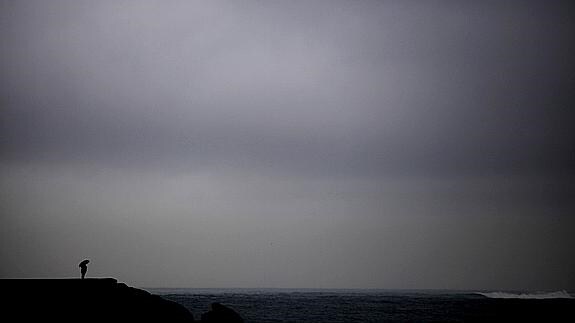 Una persona observa el mar desde la Playa de Riazor, en La Coruña.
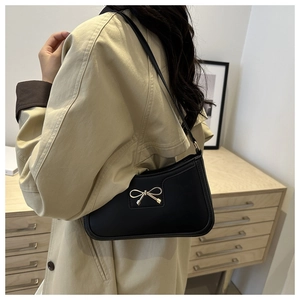 Detail of black leather underarm bag with gold bow on model in beige trench coat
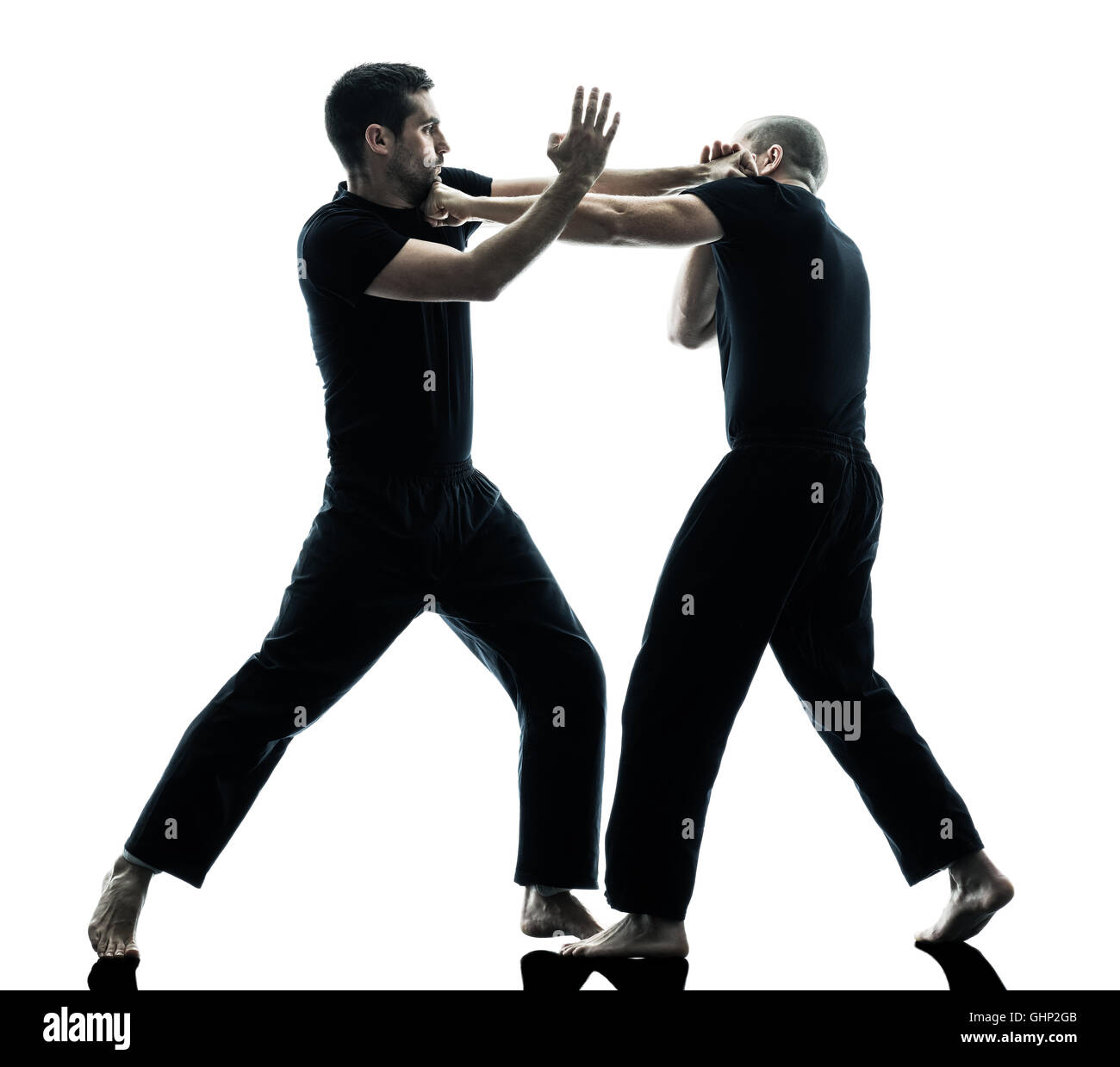 two caucasian men krav maga fighters fighting isolated silhouette on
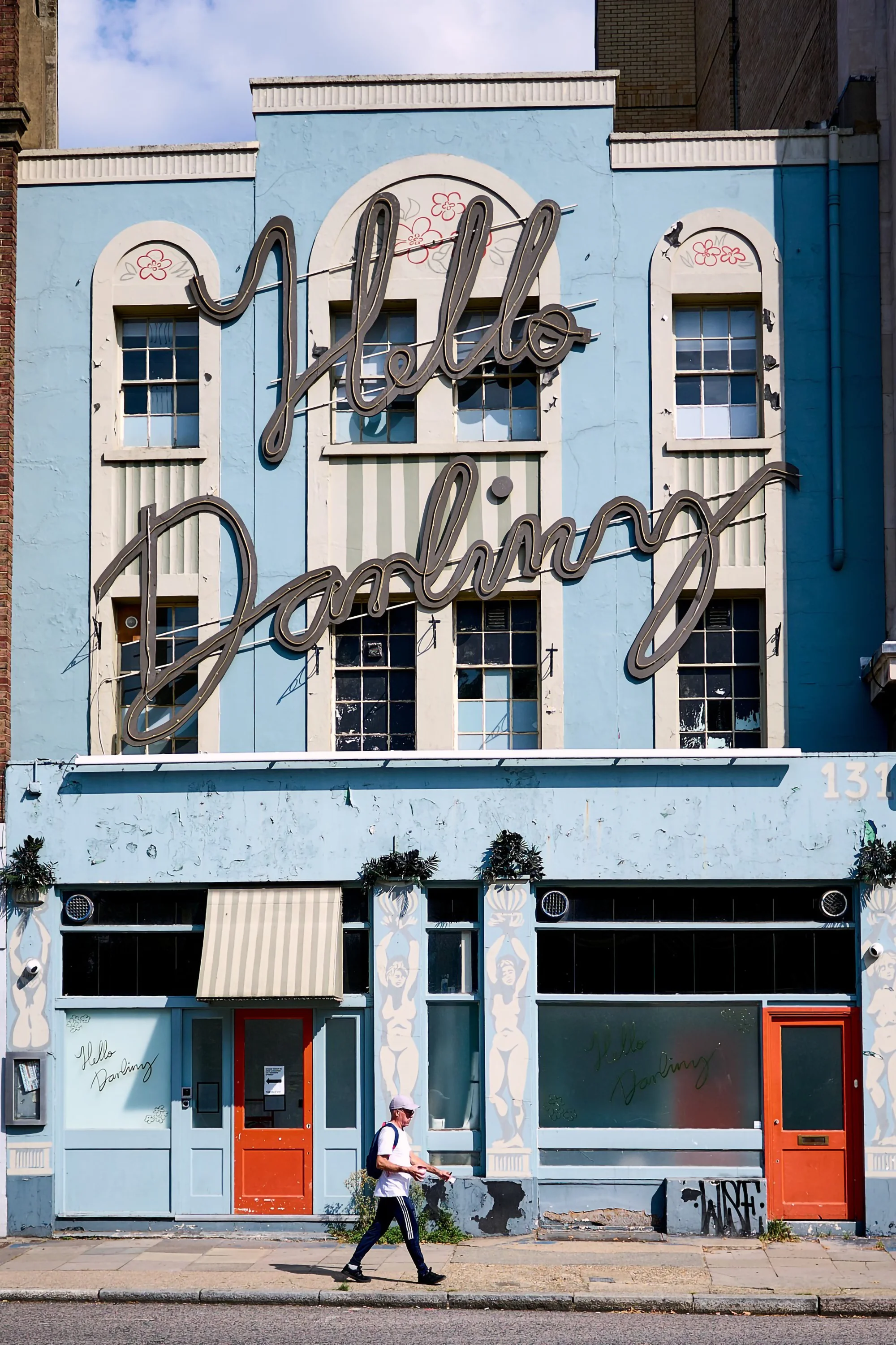 Woman walking past old blue and white restaurant in Central London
┄┄┄┄┄┄┄┄┄┄┄┄┄┄┄┄┄┄┄┄
- _Assigned task_:
The expected output is the lines from the line that contains "two caucasian men" through the last line of the material, reproduced exactly, with both ends present and pictures absent.

- _Output of the task_:
 two caucasian men krav maga fighters fighting isolated silhouette on
 Woman walking past old blue and white restaurant in Central London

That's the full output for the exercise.